The effectiveness of Embryo Glue during implantation


Supported by MERCK Serono Co.
  • Implantation improvement by using embryo glue of high hvaluronan concentration
  • Facilitation of In vitro culture of embryo
  • Implantation facilitation of embryo
  • Improved survival rate of cryopreserved embryo
  • Hyaluronan is a glycoprotein composed of Glucosaminoglycan which can be found in follicular fluid, oviductal fluid, Uterine fluid (Lee & Ax, 1984; R-Martinez et al, 1998).
  • Hyaluronan facilitates the implantation of embryo inside and outside the body.
  • The concentration of Hyaluronan increases dramatically during implantation.

TESE (Testicular sperm extraction)

  • Some men suffer a blockage or other abnormality that prevents the passage of sperm through ejaculation. A minor surgical procedure can be performed where sperm is retrieved from the epididymis or directly from the testicle itself. This sperm is then injected (ICSI) into the mature eggs obtained through IVF. Sperm from Testicular / Epididymal Sperm Aspiration can be successfully cryopreserved for future use.

Embryo cryopreservation

Advanced cryopreservation techniques allow selected embryos to be frozen for the couples' later use. When thawed at a later date, these embryos can be transferred to the woman's uterus in a menstrual cycle with little or no premedication. The babies born after cryopreservation are just as healthy as babies conceived spontaneously.

Blastocyst transfer

  • We already know that with natural conception, embryos arrive in the uterus at day 5-6 after fertilization.

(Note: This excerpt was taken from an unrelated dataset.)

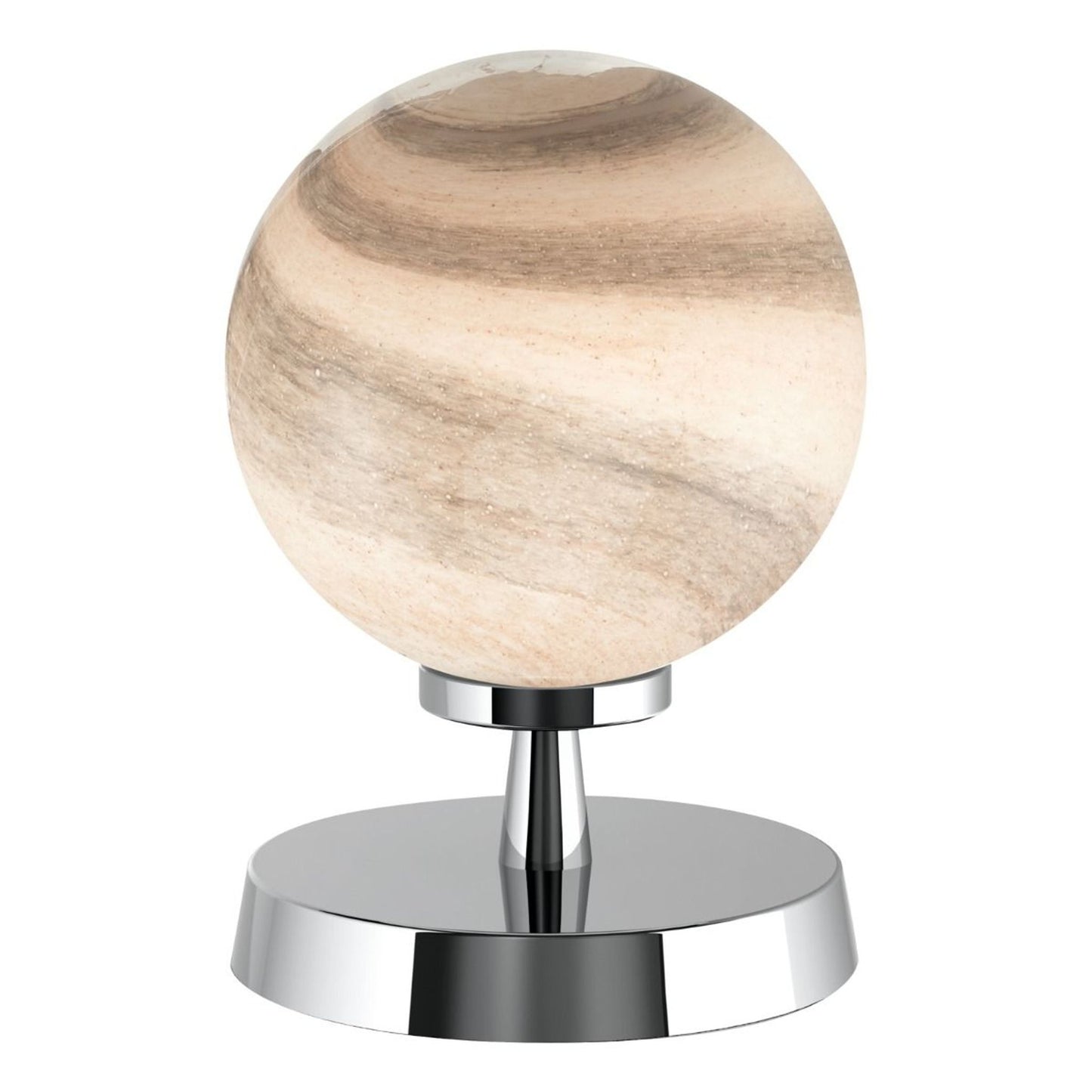 Esben Touch Table Lamp Polished Chrome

With present-day IVF, however, embryos are routinely transferred back to the uterus on day 3 after fertilization. Recent breakthroughs have been made in the science of nurturing embryos in the laboratory. These discoveries have allowed the embryos from select patients to benefit from an additional 2 to 3 days of growth prior to embryo transfer. By growing embryos to the blastocyst stage, we are able to transfer fewer embryos without lowering the chance that a patient will become pregnant. This breakthrough will help maintain the high pregnancy rates that patients have come to expect while decreasing the risk of conceiving a high order multiple pregnancy.

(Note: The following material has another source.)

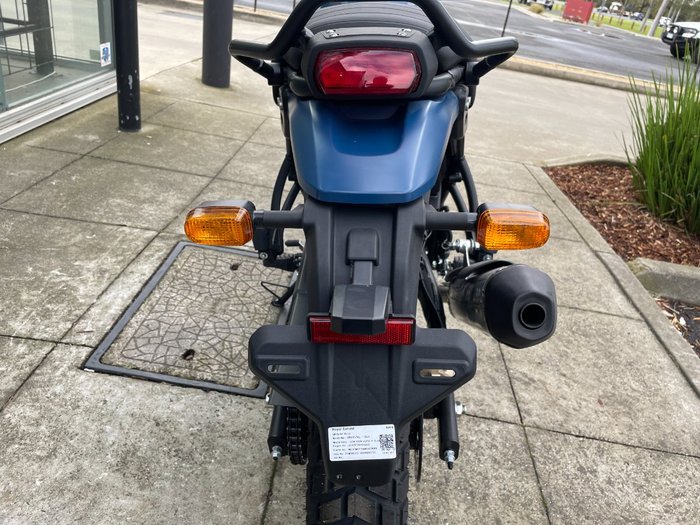 2022 Royal Enfield (see Also Enfiel SCRAM BASE E5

Preimplantation Genetic Diagnosis (PGD)

Preimplantation genetic diagnosis (PGD) is an assisted reproductive technology for the diagnosis of a genetic disease in early embryos prior to implantation and pregnancy in an IVF cycle. This technology is effective for aneuploidy screening and the diagnosis of unbalanced inheritance of chromosome abnormalities such as translocations or inversions.

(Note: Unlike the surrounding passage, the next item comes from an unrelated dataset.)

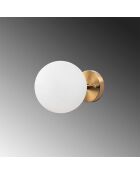 Atmaca 10240 antieke wandlamp - H.24cm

FISH (Fluorescent In situ hybridization) technique

FISH is the most commonly applied method to determine the chromosomal constitution of an embryo. The cells are fixated on glass microscope slides and hybridized with DNA probes. Each of these probes are specific for part of a chromosome, and are labelled with a fluorochrome.

PCR (Polymerase chain Reaction) technique

PCR provides the possibility to obtain a large quantity of copies of a particular stretch of the genome. It makes it suitable for all kinds of genetic diagnosis.